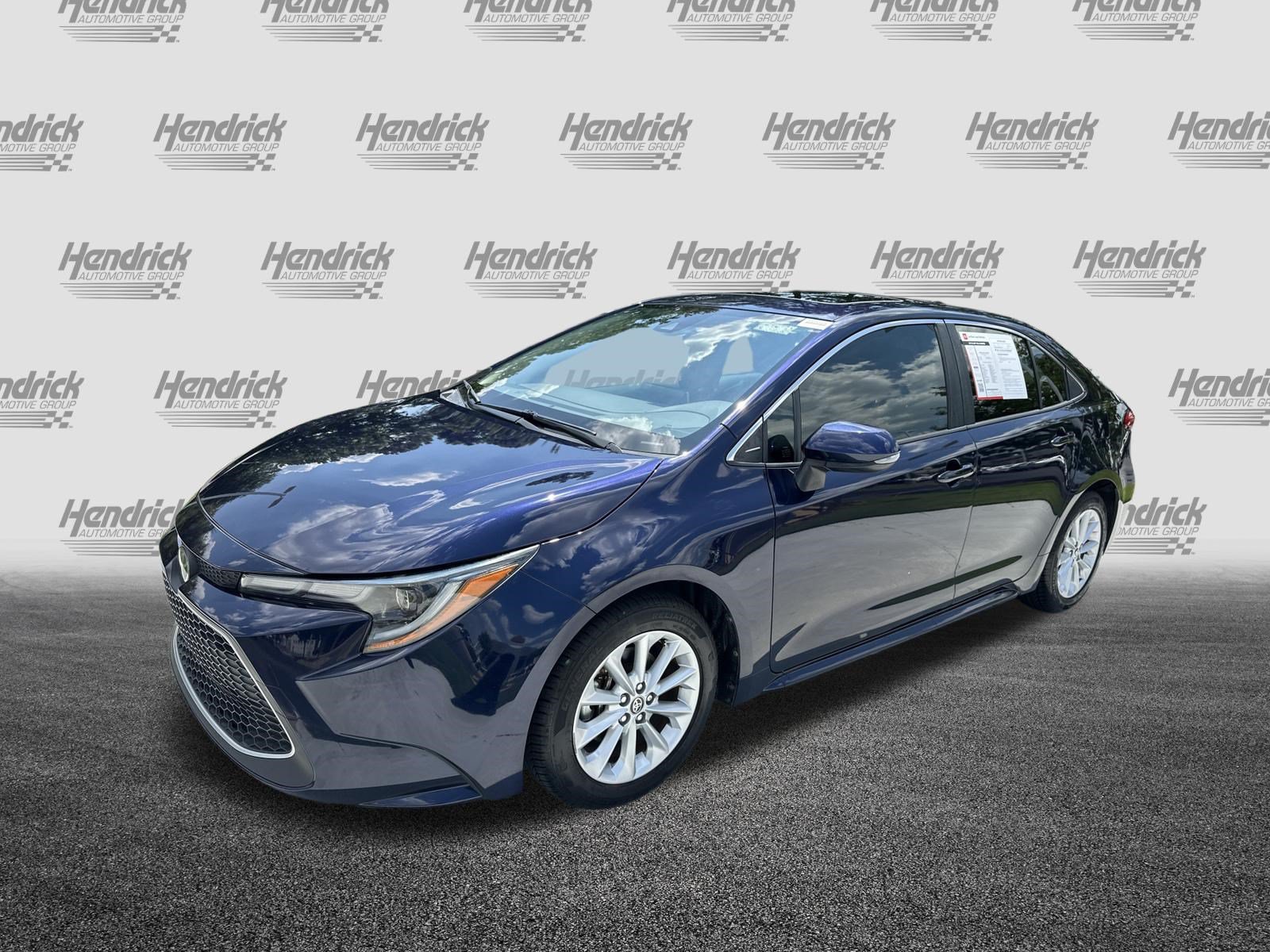 Certified 2020 Toyota Corolla XLE FWD image 5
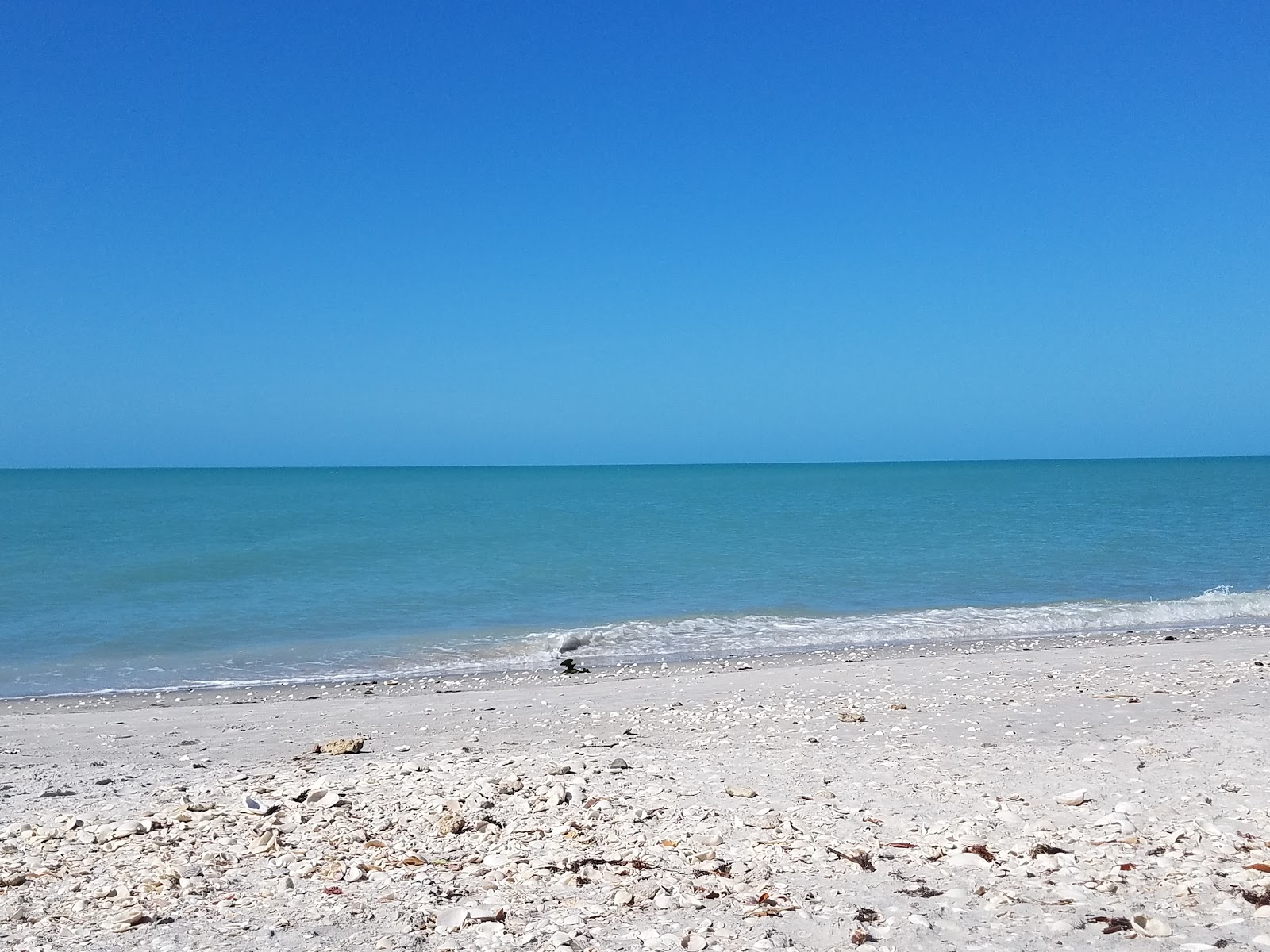 Foto van Blind Pass beach met hoog niveau van netheid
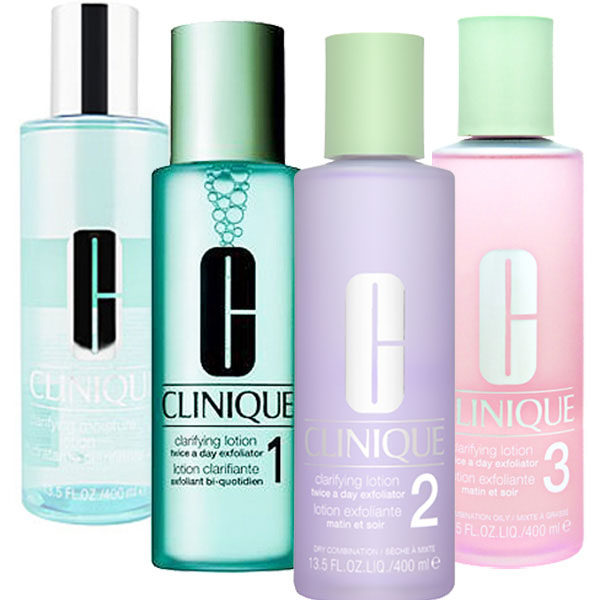クリニーク 選べる2個：クラリファイング ローション（モイスチャー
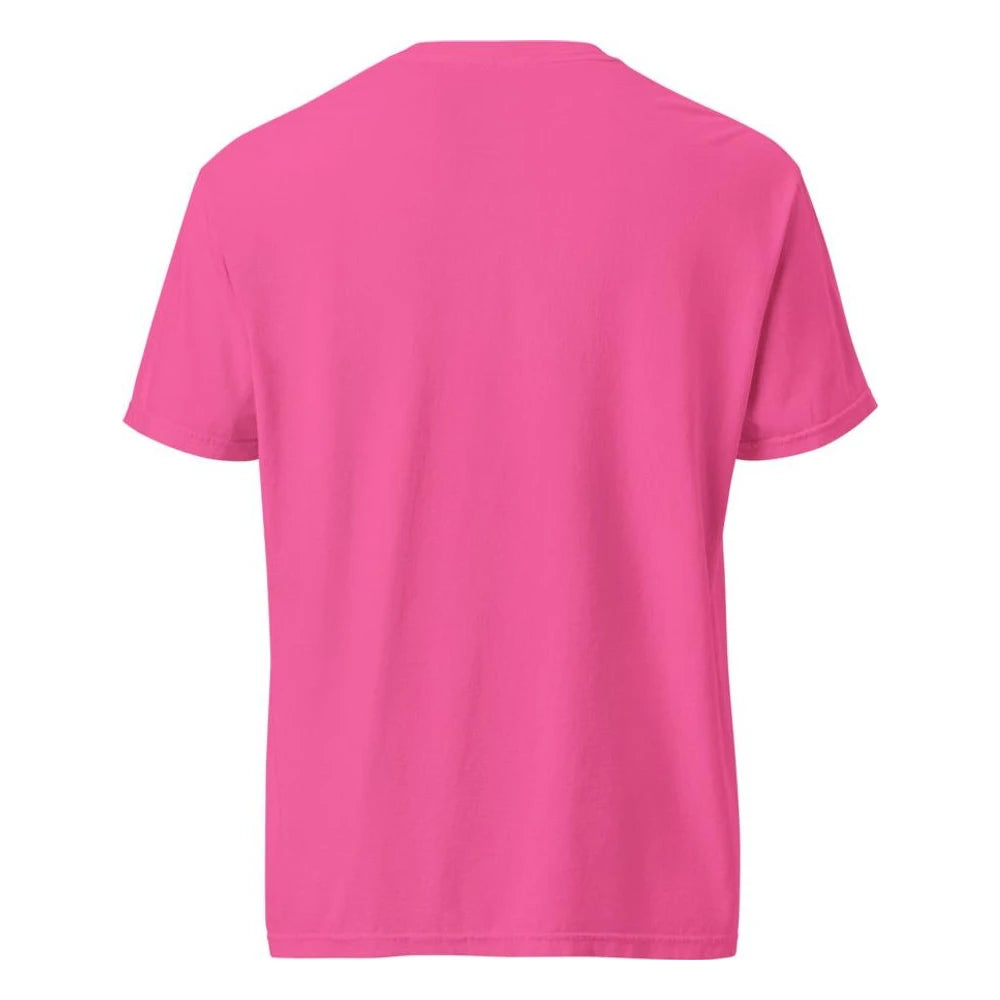 Neon Pink, back view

TRY IT:
Take the line with "Foto van Blind" and each line after it through the end of the material above, and reproduce them exactly, without the pictures.

RESULT OF THE TASK:
 Foto van Blind Pass beach met hoog niveau van netheid
クリニーク 選べる2個：クラリファイング ローション（モイスチャー
 Neon Pink, back view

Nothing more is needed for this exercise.